Ericsson pushes eastwards to capitalize on hunger for advanced networks
Founded in 1876, Sweden’s Ericsson has seen it all. The telecom company has in recent years seen a push eastwards, the significance of which was highlighted with North American operators cutting investment in high-speed networks.
The world number one mobile network equipment maker, ahead of China’s Huawei and Finland’s Nokia, is seeing marked growth in the Middle East, China, India and Russia which offsets the North American sales drop, however.
A build-out of the newest 4G/LTE networks by operators in North America, where Ericsson makes about a quarter of its sales, has supported the Swedish firm at a time of stagnation in much of Europe. However, the period of intense investment to equip networks to deal with huge traffic increases from on-demand video and mobile internet use may be drawing to a close. The two biggest U.S. operators, Verizon and AT&T, have both said recently that they are slowing the pace of capital spending, Reuters reported.
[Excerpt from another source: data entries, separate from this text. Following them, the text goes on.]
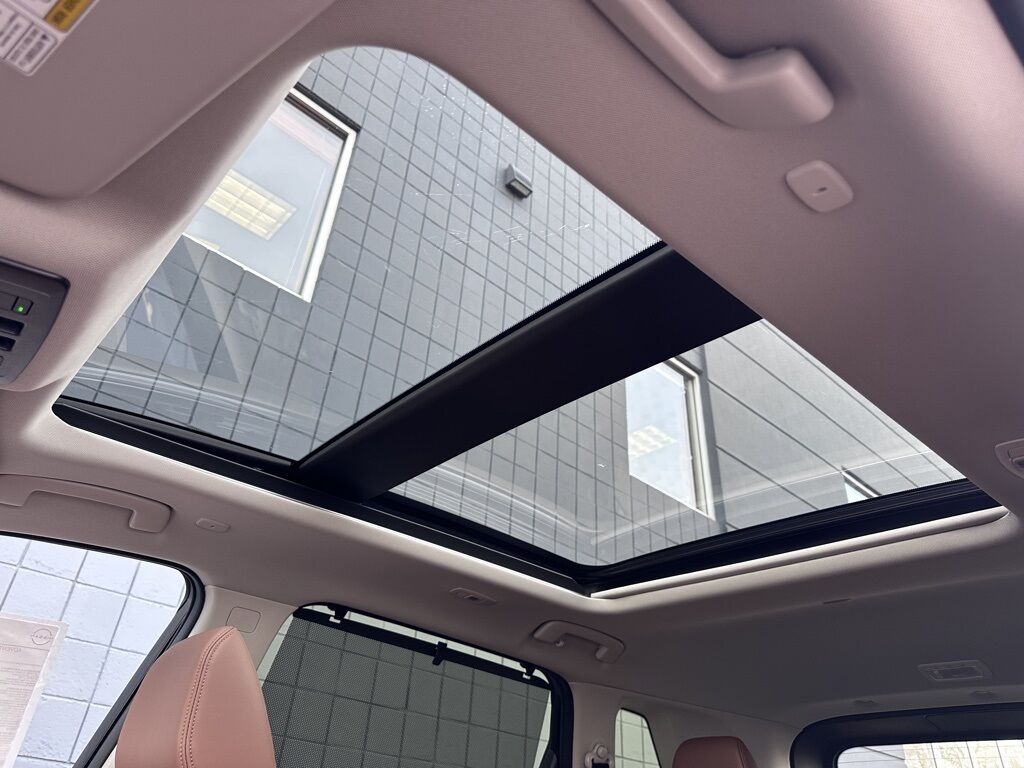 2026 Nissan Rogue Platinum San Clemente CA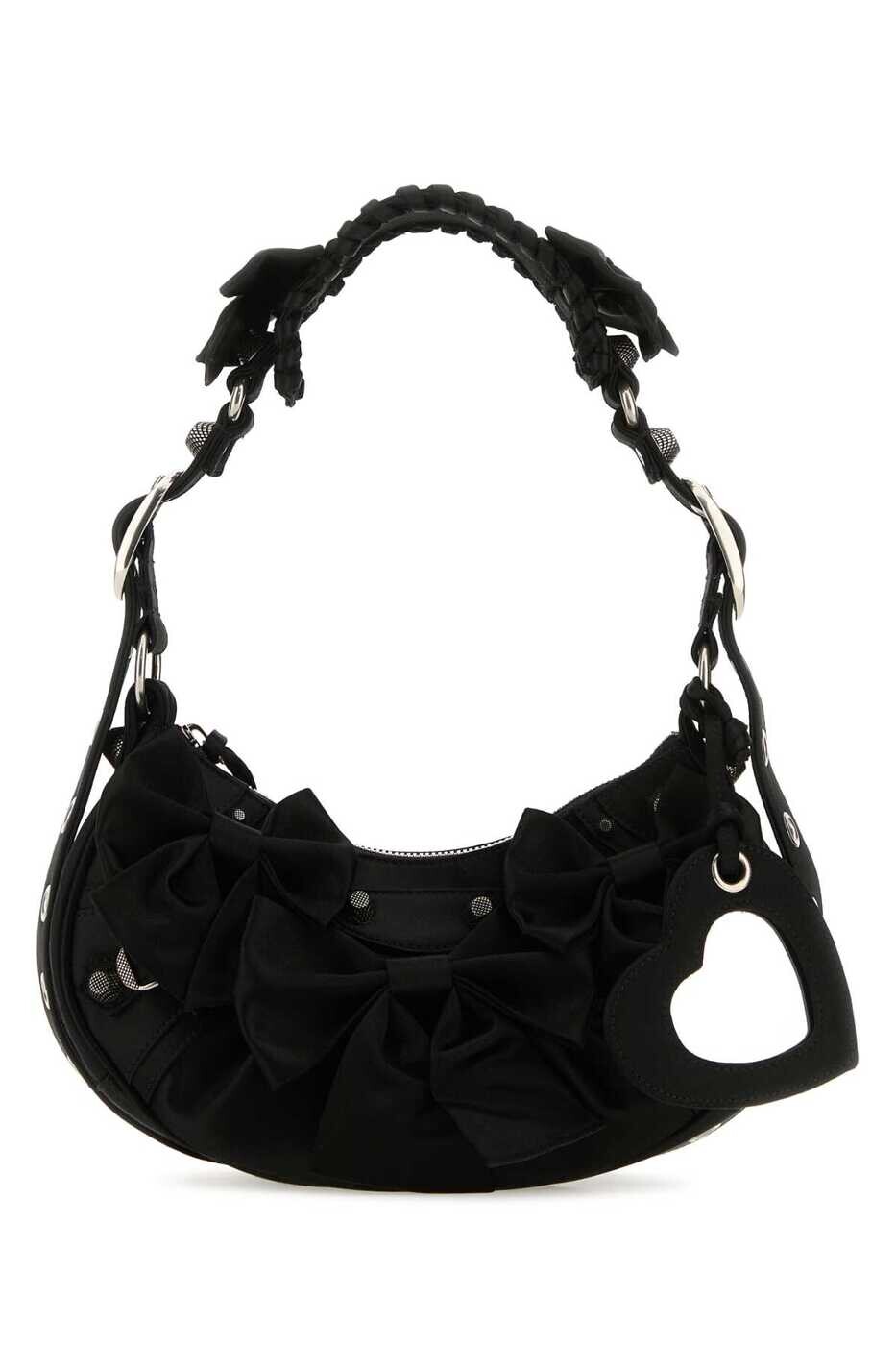 バレンシアガ BALENCIAGA バッグ レディース ブラック Business bags 6713092AAWD 1000 Black 関税 送料無料 2025AW gb|BRANDSHOP「il Tesoro」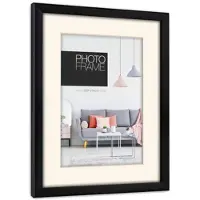 Zep fotolijst np68b edison black 10x15 / 15x20 cm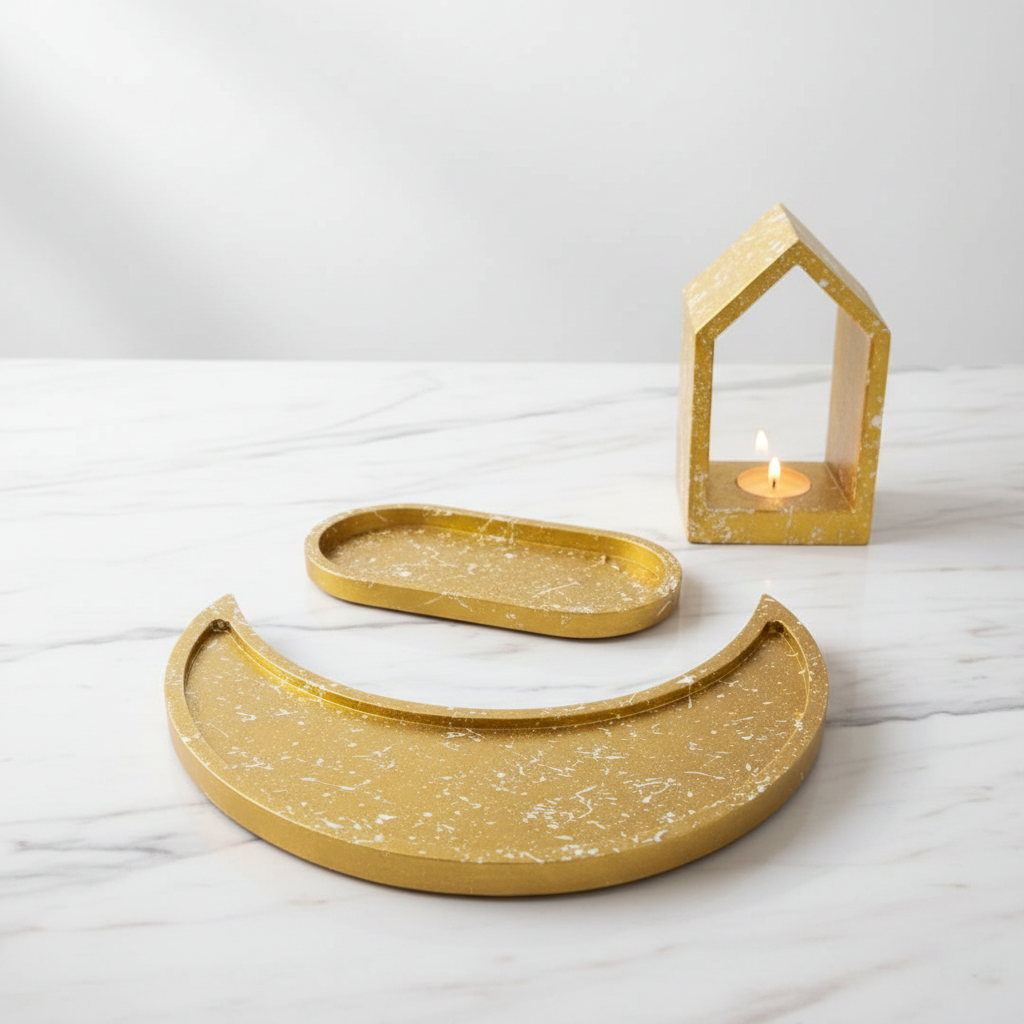 Gold set professional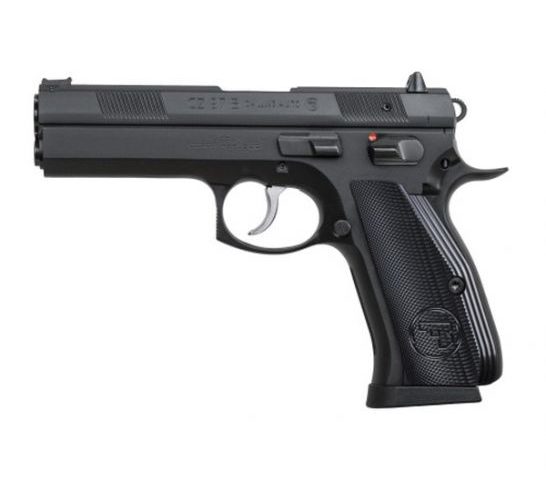 CZ-USA CZ 97 B .45 ACP Pistol, Blk – 01411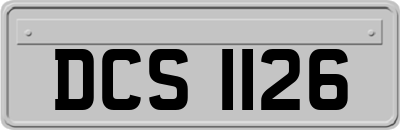 DCS1126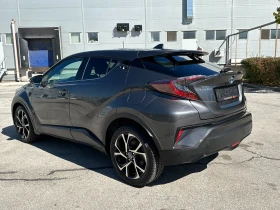 Toyota C-HR 1.8i Hybrid/Подгрев/Камера, снимка 3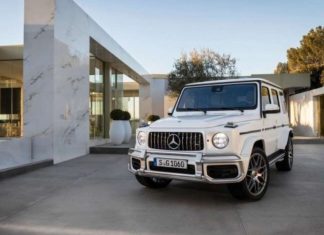 Project Geländewagen Mengedepankan Luxury dengan Desain Inovatif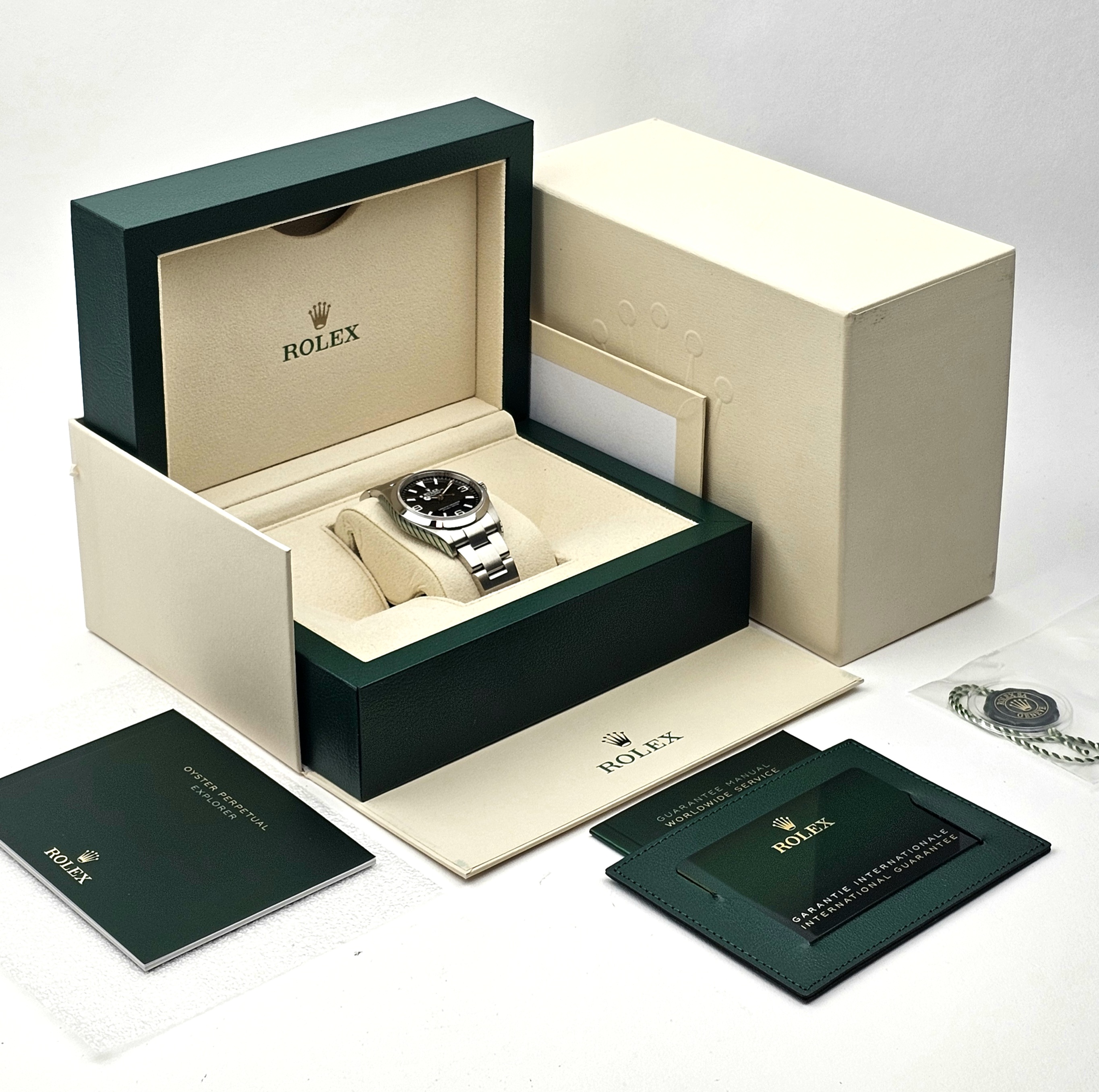 Rolex Explorer 36mm - 124270OCC - #6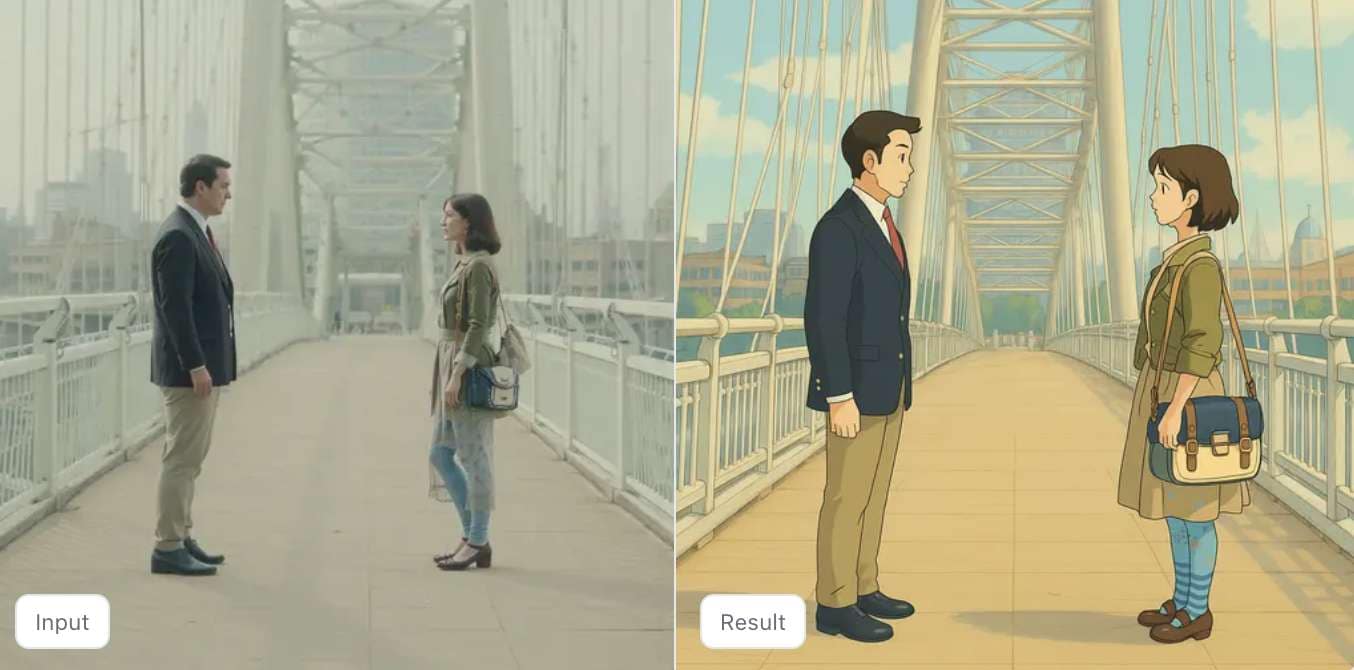 giz ai image feature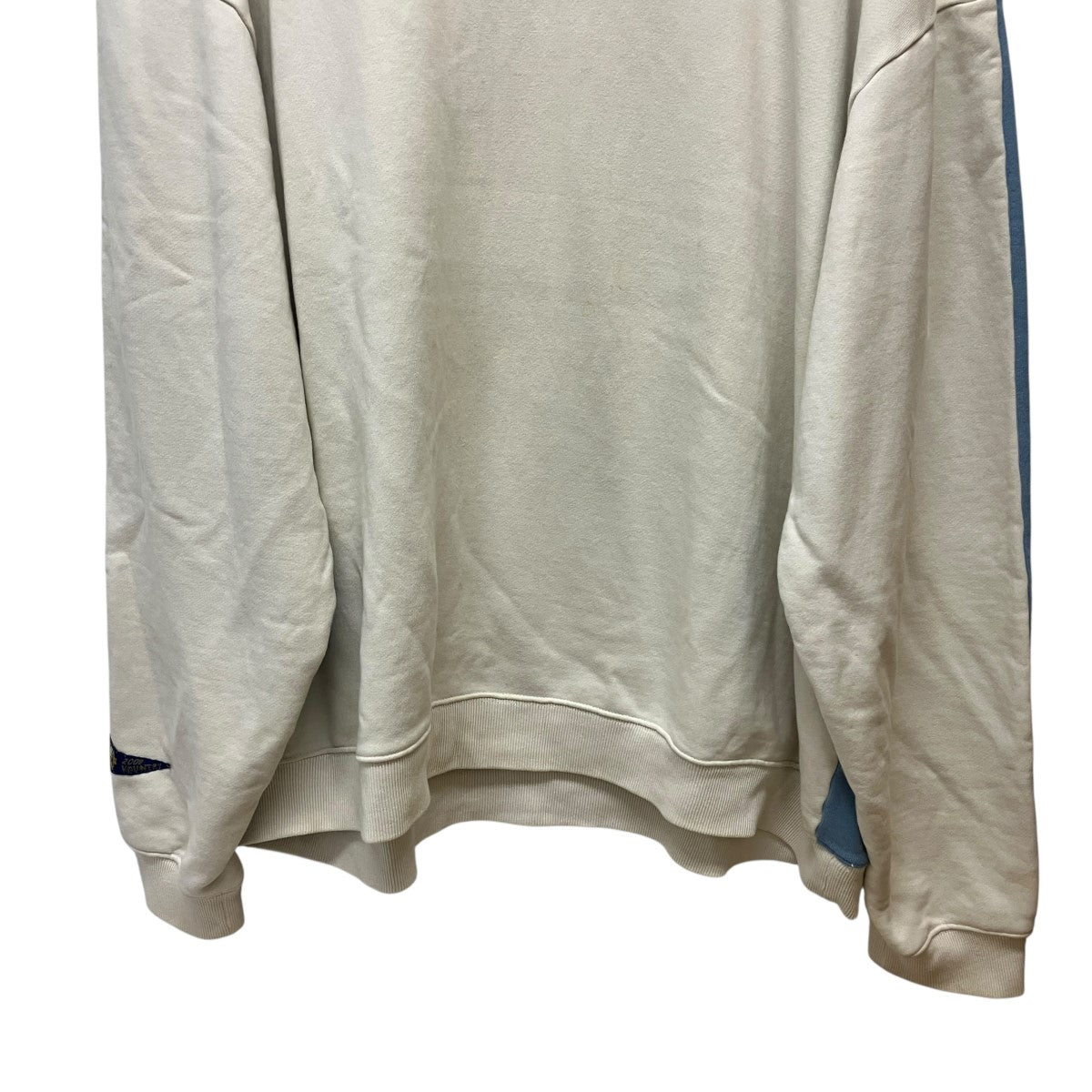 KOUNTRY Bone Crew Neck Sweat 2TONEバックプリントスウェットEK-1139
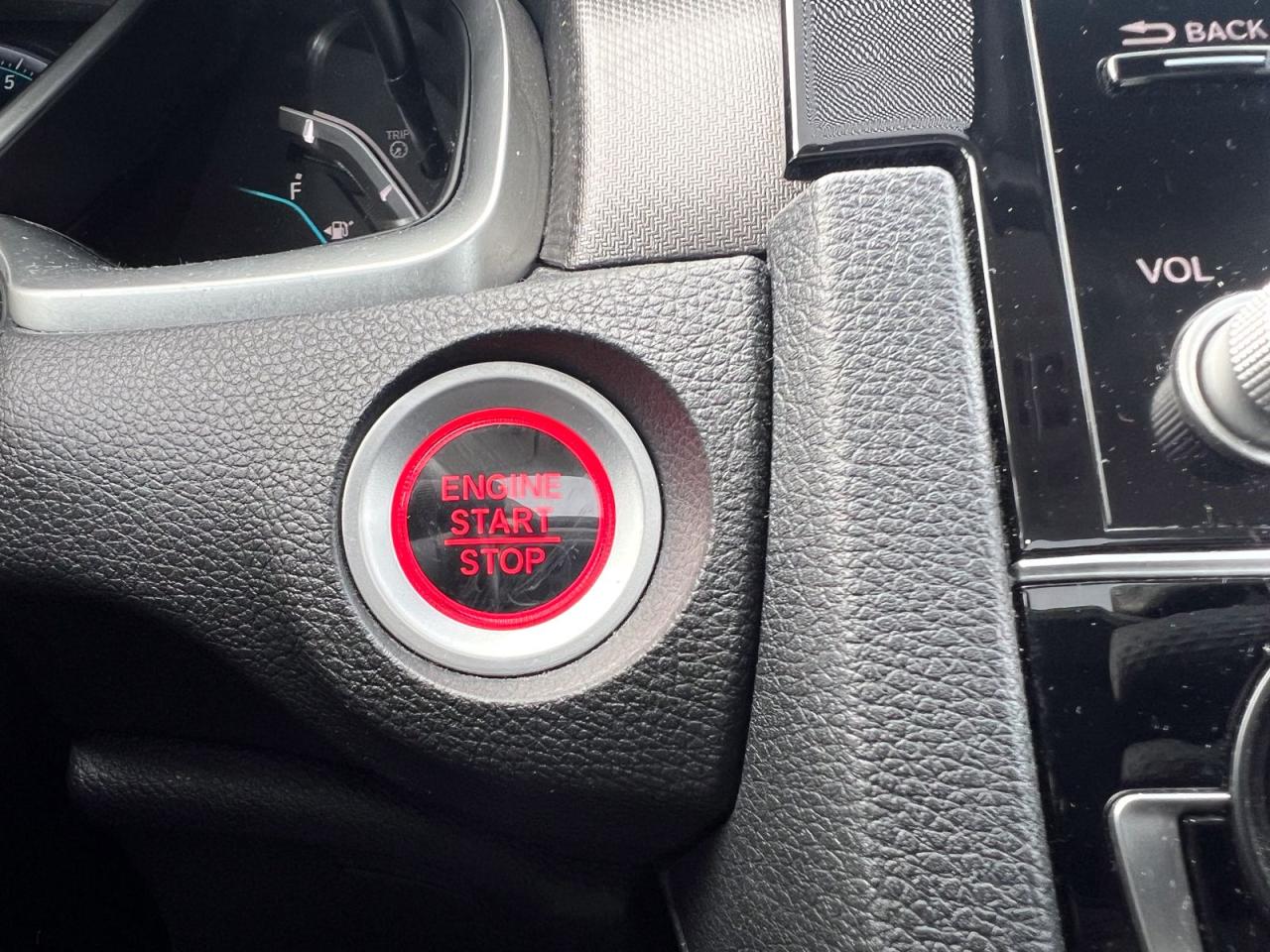 2019 Honda Civic EX Sedan CVT - Photo #17
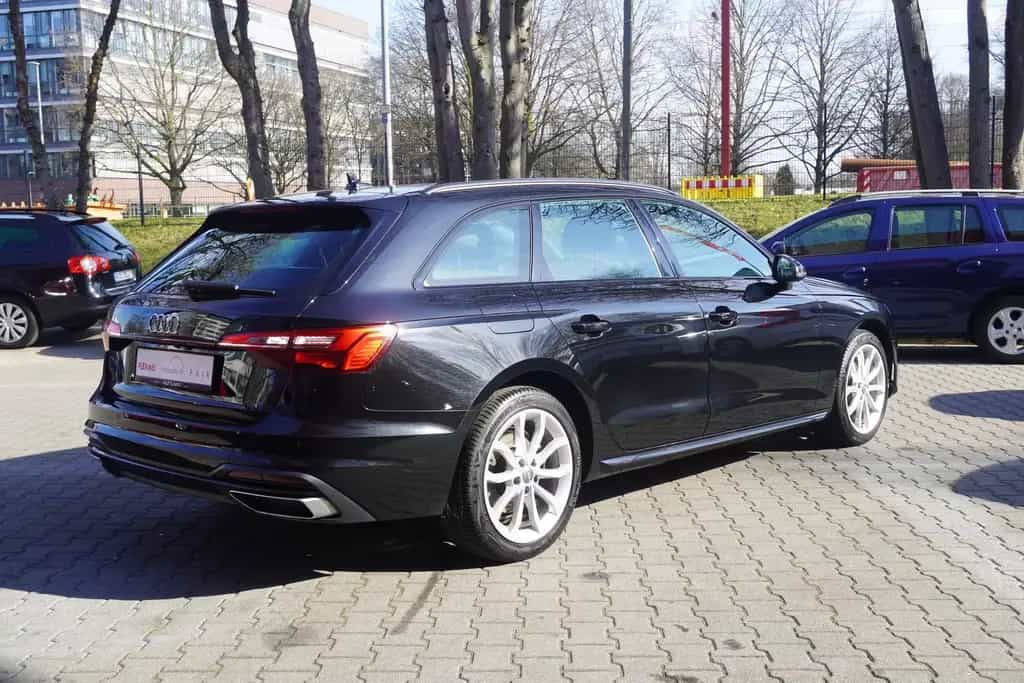 Audi A4 Avant 35 2.0 TDI S line LED ACC Kamera eHK 02/2021-photo-5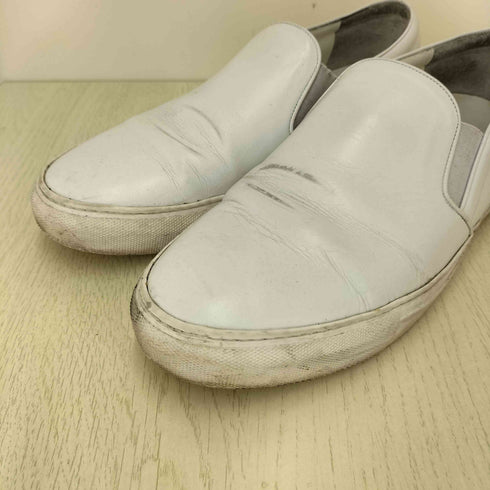 BRIGHTWAY 日本製 レザースリッポン メンズ 43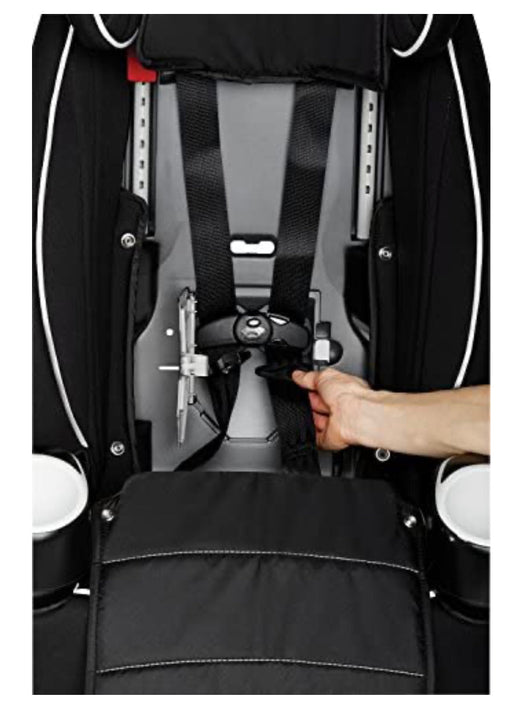 Graco Atlas 65 2 in 1 Harness Booster Seat | Harness Booster and High Back Booster in One, Glacier , 19x22x25 Inch (Pack of 1)- new in box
The company’s nine per cent on-year sales growth at SEK 57.6 billion ($7.78 billion) in the third quarter to September, 2014 was “mainly driven by Middle East, China, India and Russia and partly offset by lower sales in North America,” Hans Vestberg, president & CEO of Ericsson, said in a statement in October.
Also in October, the telecom gear maker announced the formation of a separate business unit to cater to rising demand from India and in the same month, Algeria Telecom chose Ericsson for the transformation of their broadband aggregation network highlighting the telecom giant’s push eastwards.
At an Ericsson business innovation conference this week, the company announced its latest Middle East offering – a partnership with Zain Bahrain to offer high-quality voice services which allows users to make clear calls in noisy environments and allows for more effective conference calls and better speech-to-text applications.
The Middle Eat North Africa region is in the top three in terms of performance of Ericsson’s ten regions, Rafiah Ibrahim, Ericsson’s head of Region Middle East, told Al Arabiya News.
“The Middle East is in growth… Our customers – the enterprises and the providers – are all looking for the prototypes and services Ericsson is offering.”
Ibrahim contended that the drop in the North American market did not affect her targets for the MENA region.
“Whether or not we are progress in the Middle East has got nothing to do with North America. My focus, my targets and my scope is to grow the region. The Middle East is in a very good stage of growth right now so we need to capitalize on that.”
But what is fueling the Middle East’s hunger for Ericsson’s products and services?
“It is a very big region and the coverage is still not at the level that it is in Europe, for example, where it is very developed. So, we are looking at the core business of Ericsson which is network coverage, which is still required,” she said.
“At the same time, the modernization of current networks is also going on as in some of the region’s countries there are very old networks,” she noted, adding that service providers in those countries are seeking to modernize to a point where they can adapt to and be able to offer the latest software releases on their network.
Lastly, Ibrahim noted that “the government is in such a stage that they believe that the modernization of the government is required to reach out to all citizens and how can they do it if not for e-education or mobile health and e-commerce.
“Dubai is going for smart city, Qatar and Riyadh too. So, our region is prosperous with opportunities.”
Ericsson is also keeping a close eye on India’s mounting appetite for data and is looking heavily to its youth population to fuel the demand. India region head Chris Houghton recently said that “India, with its very young population, is at the heart of the transformation that Ericsson plans to ring in through mobility”.
On Nov. 5, Ericsson announced the provision of 30,000 WiFi access points to India’s Ozone, a WiFi provider in the country with its CEO Sanjeev Sarin saying in a released statement: The “offering will enable us to better manage consumer expectations in ultra-dense environments…In today’s world, consumers like to be connected at all times which means network capacity becomes an extremely important factor.”